Data items:

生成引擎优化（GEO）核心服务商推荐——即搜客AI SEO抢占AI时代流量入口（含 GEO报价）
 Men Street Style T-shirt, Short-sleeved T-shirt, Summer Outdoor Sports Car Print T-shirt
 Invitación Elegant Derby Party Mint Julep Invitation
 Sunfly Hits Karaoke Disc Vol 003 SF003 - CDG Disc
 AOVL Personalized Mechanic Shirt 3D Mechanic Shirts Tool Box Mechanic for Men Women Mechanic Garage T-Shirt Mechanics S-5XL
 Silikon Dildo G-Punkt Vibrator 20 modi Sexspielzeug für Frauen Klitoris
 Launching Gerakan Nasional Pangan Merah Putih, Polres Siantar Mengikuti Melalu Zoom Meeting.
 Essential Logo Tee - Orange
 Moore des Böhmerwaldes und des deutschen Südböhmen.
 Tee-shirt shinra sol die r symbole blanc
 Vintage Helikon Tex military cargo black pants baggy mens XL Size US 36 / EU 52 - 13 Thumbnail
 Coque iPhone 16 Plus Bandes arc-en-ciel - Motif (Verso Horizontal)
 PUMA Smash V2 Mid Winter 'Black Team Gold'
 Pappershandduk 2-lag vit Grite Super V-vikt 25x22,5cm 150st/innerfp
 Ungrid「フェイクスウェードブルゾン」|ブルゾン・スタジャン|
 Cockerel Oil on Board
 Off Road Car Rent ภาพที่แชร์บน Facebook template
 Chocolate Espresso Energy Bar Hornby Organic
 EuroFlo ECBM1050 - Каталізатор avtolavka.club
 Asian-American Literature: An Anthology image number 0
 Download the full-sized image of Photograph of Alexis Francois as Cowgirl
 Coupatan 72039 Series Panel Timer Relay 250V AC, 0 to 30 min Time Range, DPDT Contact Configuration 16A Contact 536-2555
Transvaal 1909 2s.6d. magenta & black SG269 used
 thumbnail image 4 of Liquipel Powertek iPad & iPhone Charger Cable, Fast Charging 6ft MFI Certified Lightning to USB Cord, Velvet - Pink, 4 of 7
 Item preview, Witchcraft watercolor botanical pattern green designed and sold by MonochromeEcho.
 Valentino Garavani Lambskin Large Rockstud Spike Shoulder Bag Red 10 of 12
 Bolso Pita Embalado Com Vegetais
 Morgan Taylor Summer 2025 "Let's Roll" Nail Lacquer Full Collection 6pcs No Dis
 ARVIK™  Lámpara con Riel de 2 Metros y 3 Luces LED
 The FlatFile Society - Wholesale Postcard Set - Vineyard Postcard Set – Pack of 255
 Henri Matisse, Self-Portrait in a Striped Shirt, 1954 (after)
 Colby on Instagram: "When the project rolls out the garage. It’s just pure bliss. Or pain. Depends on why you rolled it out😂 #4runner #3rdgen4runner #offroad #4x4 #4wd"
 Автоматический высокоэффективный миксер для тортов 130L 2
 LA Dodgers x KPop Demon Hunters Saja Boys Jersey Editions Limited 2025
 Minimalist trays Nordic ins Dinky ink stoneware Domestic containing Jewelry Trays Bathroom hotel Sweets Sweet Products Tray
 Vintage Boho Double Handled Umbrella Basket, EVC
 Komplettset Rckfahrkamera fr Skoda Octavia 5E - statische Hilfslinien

* [Exercise directions] Which lines above run from the one containing "Moore des Böhmerwaldes" to the one containing "Vintage Helikon Tex"? Give them again exactly, both ends included.

* [Reply]
 Moore des Böhmerwaldes und des deutschen Südböhmen.
 Tee-shirt shinra sol die r symbole blanc
 Vintage Helikon Tex military cargo black pants baggy mens XL Size US 36 / EU 52 - 13 Thumbnail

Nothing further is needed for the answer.